Work item: The required output is the lines from the one with "a bathroom with" through the end of the data, repeated verbatim, with no pictures included.

Dataset excerpt:
------------------------------------------------

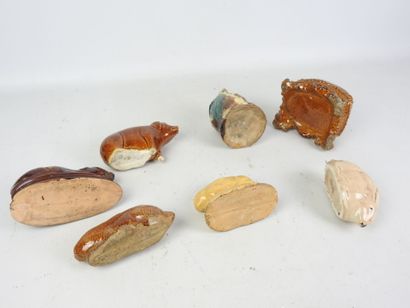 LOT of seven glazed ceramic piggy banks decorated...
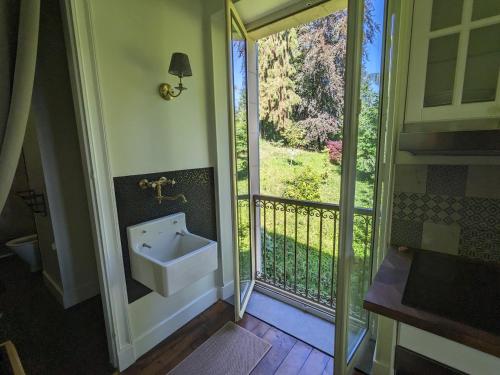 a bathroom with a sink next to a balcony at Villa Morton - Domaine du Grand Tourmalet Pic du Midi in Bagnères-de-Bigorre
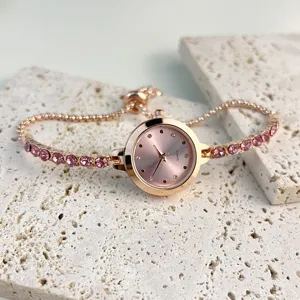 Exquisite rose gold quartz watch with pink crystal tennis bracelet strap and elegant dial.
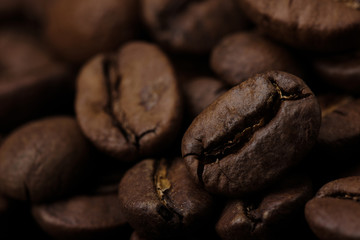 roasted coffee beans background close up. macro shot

------------------------------------------------

Final answer:
 a bathroom with a sink next to a balcony at Villa Morton - Domaine du Grand Tourmalet Pic du Midi in Bagnères-de-Bigorre
 Exquisite rose gold quartz watch with pink crystal tennis bracelet strap and elegant dial.
 roasted coffee beans background close up. macro shot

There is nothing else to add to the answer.